L8 Boden- und Verkehrsrecht
L8000 Raumordnung

Norm

B-VG Art139 Abs1 / Individualantrag
EinkaufszentrenV über die Zulässigkeit der Widmung von Sonderflächen für Einkaufszentren in der Kleinregion Wörgl und Umgebung, kundgemacht im "Boten für Tirol" vom 30.03.90 unter Nr. 312
Tir RaumOG §10 Abs2
Tir RaumOG §16b

Leitsatz

Zurückweisung eines Individualantrages auf Aufhebung einer Verordnung betreffend das Entwicklungsprogramm für Einkaufszentren für die Region Wörgl mangels Legitimation; Antragsteller nicht Normadressat des Entwicklungsprogramms

Spruch

Der Antrag wird zurückgewiesen.

Begründung

Begründung:

1.1. Die W M KG in Wörgl/Tirol stellte am 4. Mai 1990 mit Berufung auf Art139 B-VG iVm §§57 ff VerfGG 1953 den Antrag, der Verfassungsgerichtshof möge die von der (Tiroler) Landesregierung am 6. März 1990 gemäß den §§4 und 16 b des Tiroler Raumordnungsgesetzes 1984 (TROG 1984), LGBl. 4, erlassene Verordnung über die Zulässigkeit der Widmung von Sonderflächen für Einkaufszentren in der Kleinregion Wörgl und Umgebung, kundgemacht im "Boten für Tirol" vom 30. März 1990 unter Nr. 312, wegen Gesetzwidrigkeit aufheben.

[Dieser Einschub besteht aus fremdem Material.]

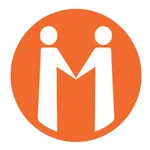 MABWealth icon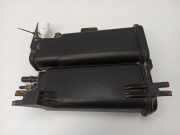 Rußfilter CADILLAC CTS 3.2 17202233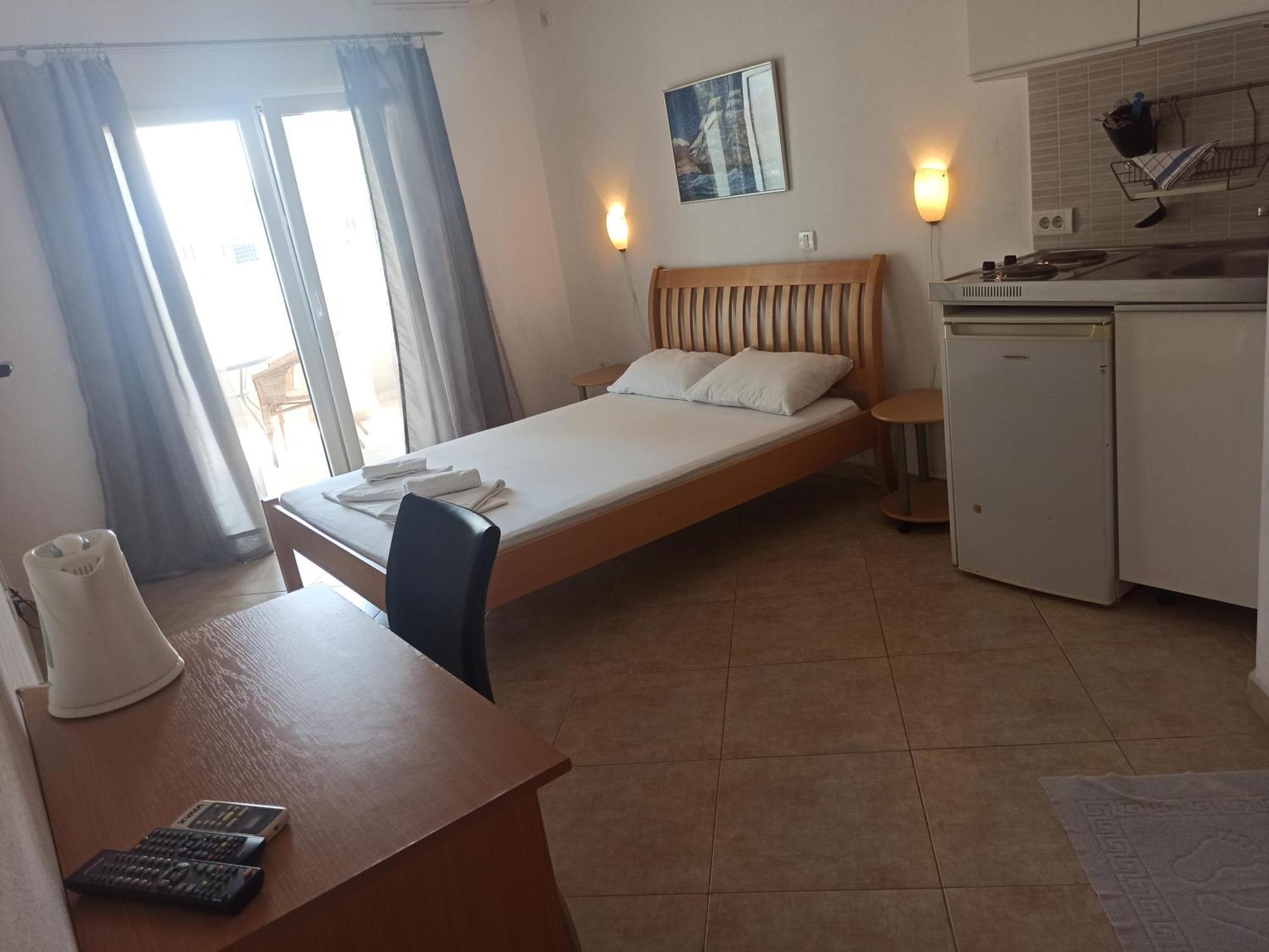 Apartment'S Meti أولتْسي الغرفة الصورة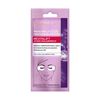 Revitalift-Ácido-Hialurónico-Mascarilla-Ojos-Anti-Edad-Rellenadora-200-mL-imagen-2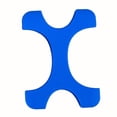 thumbnail image 5 of 2.5 inch Shockproof Hard Drive Case Disk HDD Silicone Case Protector for Mobile Hard, 5 of 5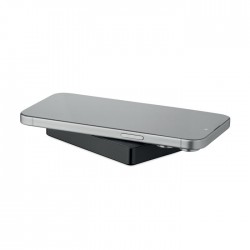 POWERMAG 10000 mAh powerbank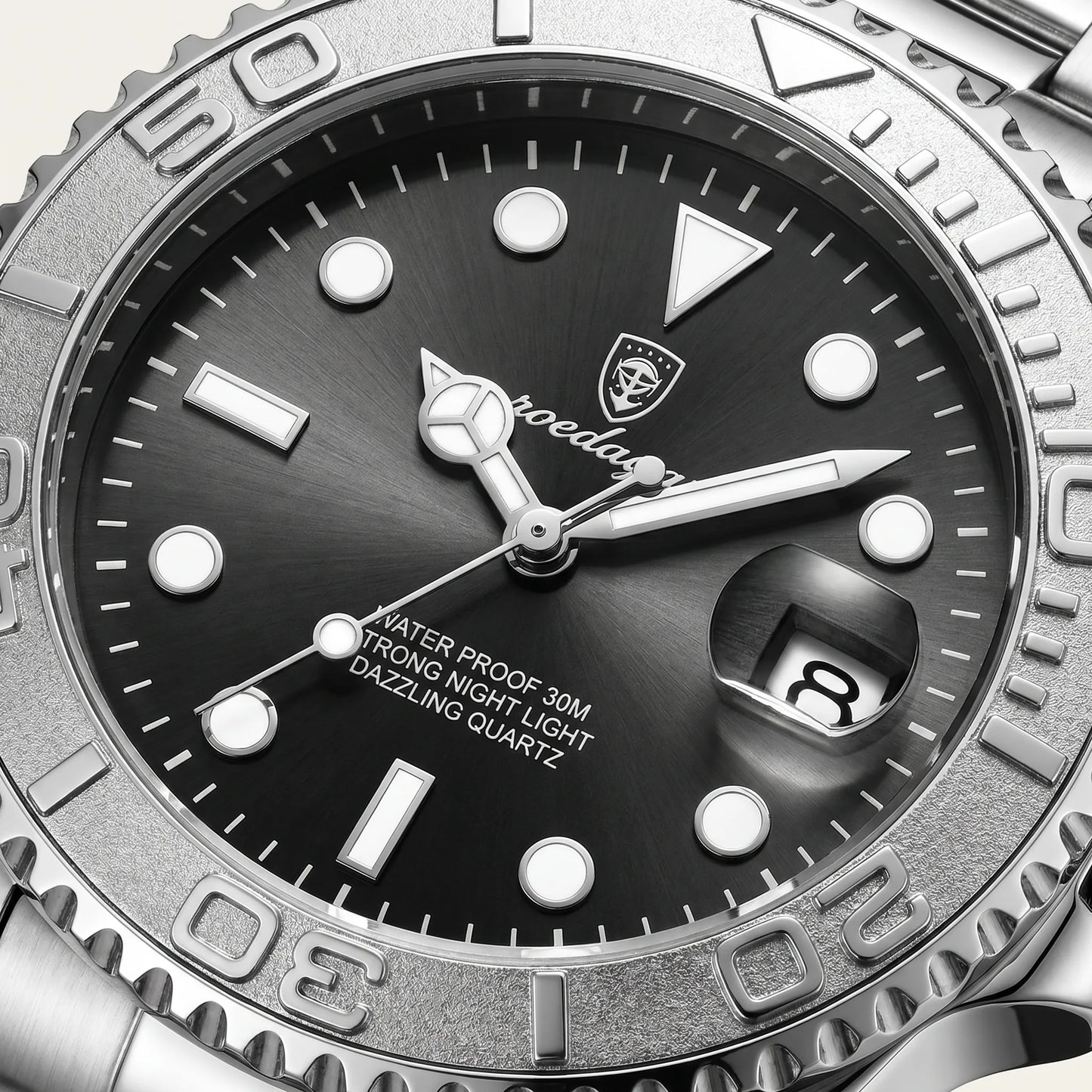 Vallesco® Mariner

1.2.1. Die angefochtene Verordnung (in der Folge: EinkaufszentrenV) hat folgenden Wortlaut:

"§1

Die Widmung von Sonderflächen für Einkaufszentren ist in der Stadtgemeinde Wörgl auf den Grundstücken Nr. .234, .394, .404, .530, .531, 158/5, 158/28 und 158/31, KG Wörgl-Kufstein, bis zu einem Höchstausmaß der Nutzfläche der Verkaufsräume von 3500 m2 zulässig. Dabei darf die Nutzfläche der Verkaufsräume, in denen Lebensmittel angeboten werden, nicht mehr als 400 m2 betragen.

§2

Auf anderen Grundstücken der Stadtgemeinde Wörgl und in den übrigen Gemeinden der Kleinregion Wörgl und Umgebung, das sind die Marktgemeinde Kundl sowie die Gemeinden Angath, Angerberg, Bad Häring, Breitenbach am Inn, Kirchbichl und Mariastein, ist die Widmung von Sonderflächen für Einkaufszentren nicht zulässig.

§3

Diese Verordnung tritt mit dem Ablauf des Tages der Kundmachung in Kraft."

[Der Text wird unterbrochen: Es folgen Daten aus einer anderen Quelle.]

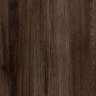 Замковая напольная пробка Wicanders Wood Resist Eco, FDYK001 Dark Onyx Oak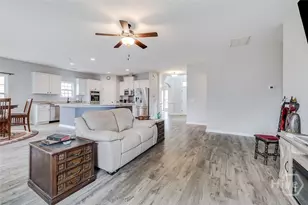 25 Swallow Tail Cir, Savannah, GA 31405 - Photo 7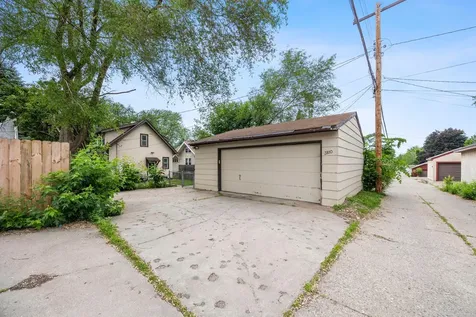 3810 Thomas Avenue N Minneapolis MN 55412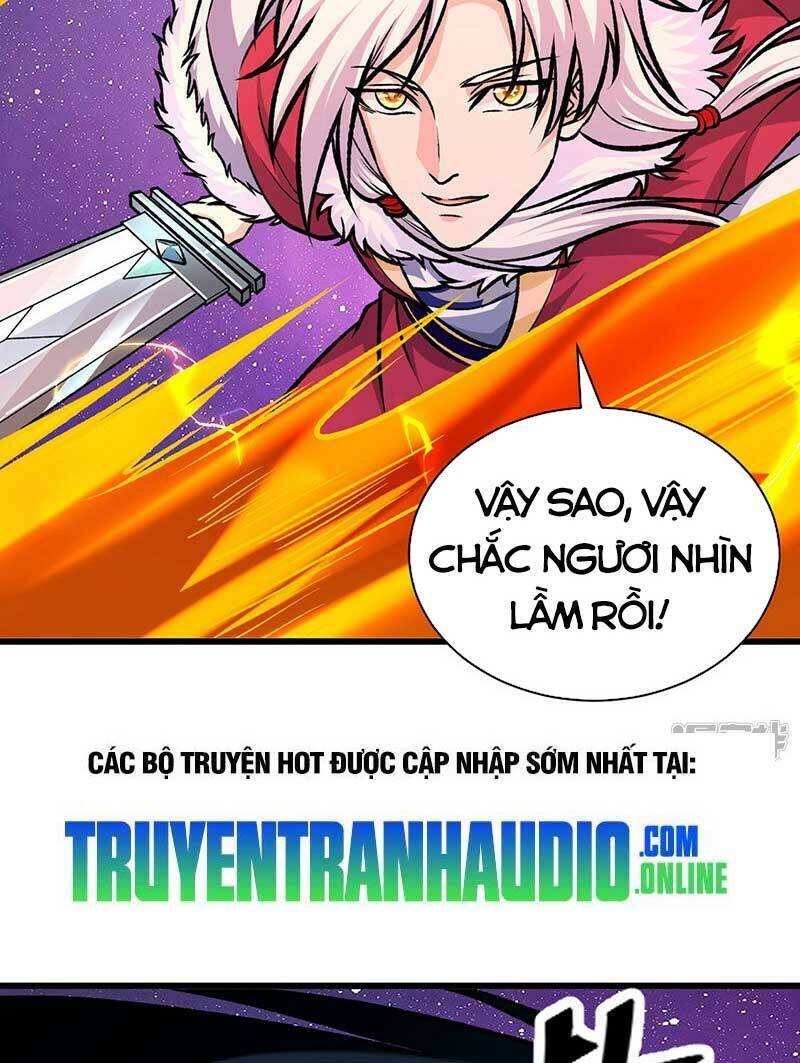 Chương 534 - Trang 41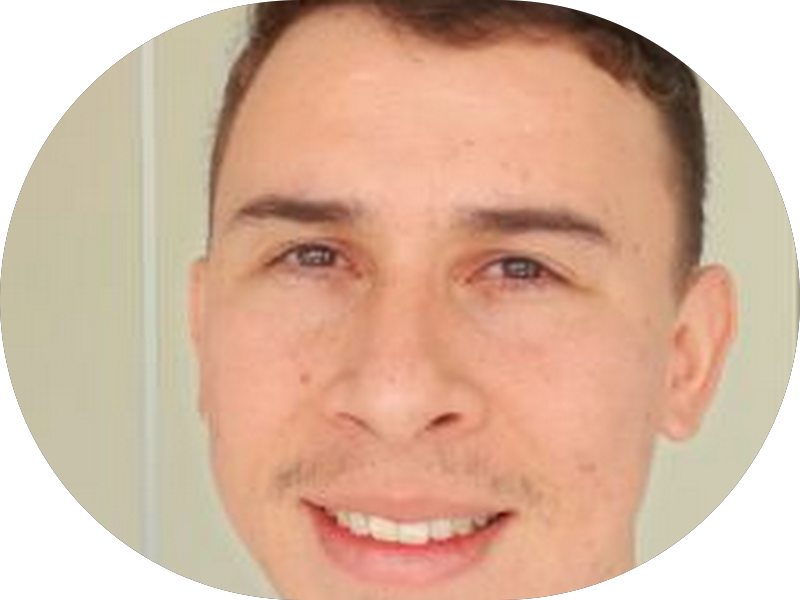 Foto 3 de Odontologia Duarte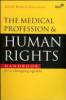 The_medical_profession_and_human_rights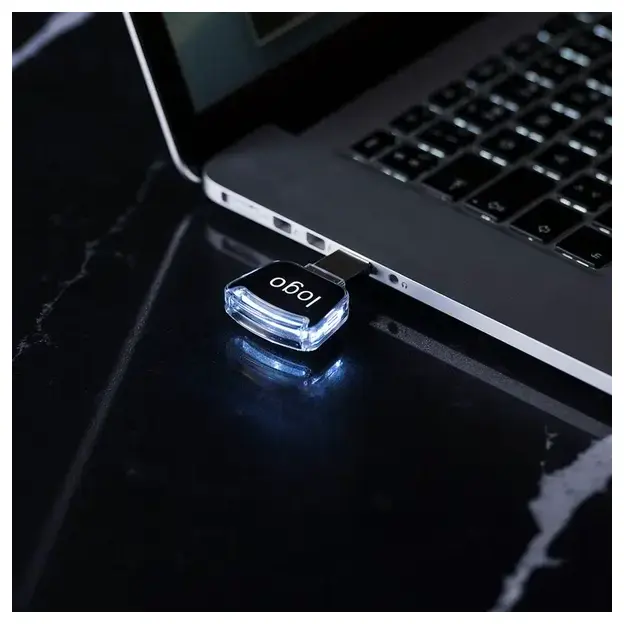 USB Speicher Novuk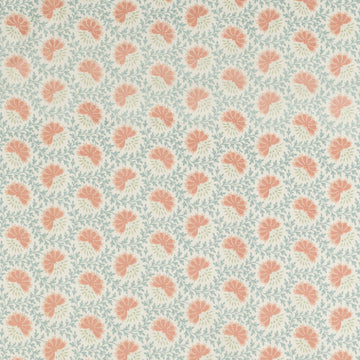 color-name:Seafoam Shell Pink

Gemäß §4 TROG 1984 hat die Landesregierung durch Verordnung Entwicklungsprogramme zu erlassen (überörtliche Raumordnung). Als solches Entwicklungsprogramm stellt sich die angefochtene Verordnung dar. Die Flächenwidmungspläne, deren Erlassung den Gemeinden obliegt (örtliche Raumordnung), dürfen derartigen Entwicklungsprogrammen nicht widersprechen (§10 Abs2 TROG 1984).

§16 b TROG 1984 (geändert mit der 6. TROG-Novelle, LGBl. 76/1990, in Kraft getreten am 20. Dezember 1990 (ArtIII der 6. TROG-Novelle)) steht unter der Überschrift "Sonderflächen für Einkaufszentren" (zur verfassungsrechtlichen Unbedenklichkeit dieser Vorschrift: VfSlg. 11.626/1988). Gemäß §16 b Abs3 TROG idF vor der 6. Novelle (ebenso gemäß §16 b Abs6 TROG 1984 idF der 6. Novelle) dürfen Sonderflächen für Einkaufszentren im Flächenwidmungsplan ua. nur insoweit vorgesehen werden, als ein Entwicklungsprogramm bestimmt, daß eine dieser Widmung entsprechende Verwendung von Grundflächen in der betreffenden Gemeinde zulässig ist (siehe §1 EinkaufszentrenV).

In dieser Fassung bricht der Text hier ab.